# TASK OBJECTIVE
A precise copy of the data is required, with every picture left out.

# DATA BELOW

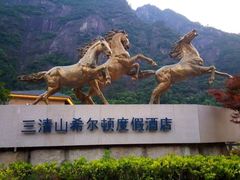 -三清山希尔顿度假酒店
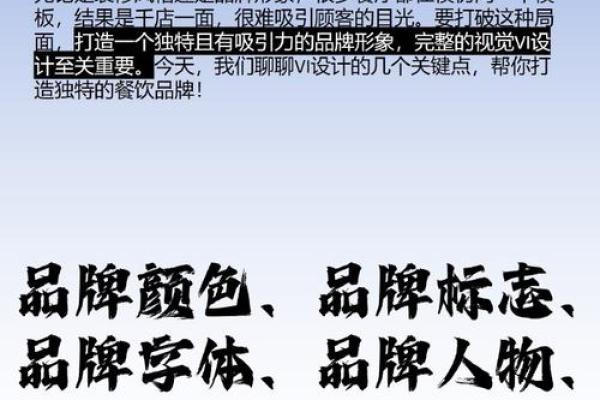 打造独特餐饮管理公司名称，快速吸引客户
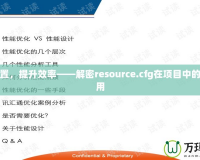 優(yōu)化配置，提升效率——解密resource.cfg在項(xiàng)目中的重要作用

# EXPECTED ANSWER
 -三清山希尔顿度假酒店
 打造独特餐饮管理公司名称，快速吸引客户
 優(yōu)化配置，提升效率——解密resource.cfg在項(xiàng)目中的重要作用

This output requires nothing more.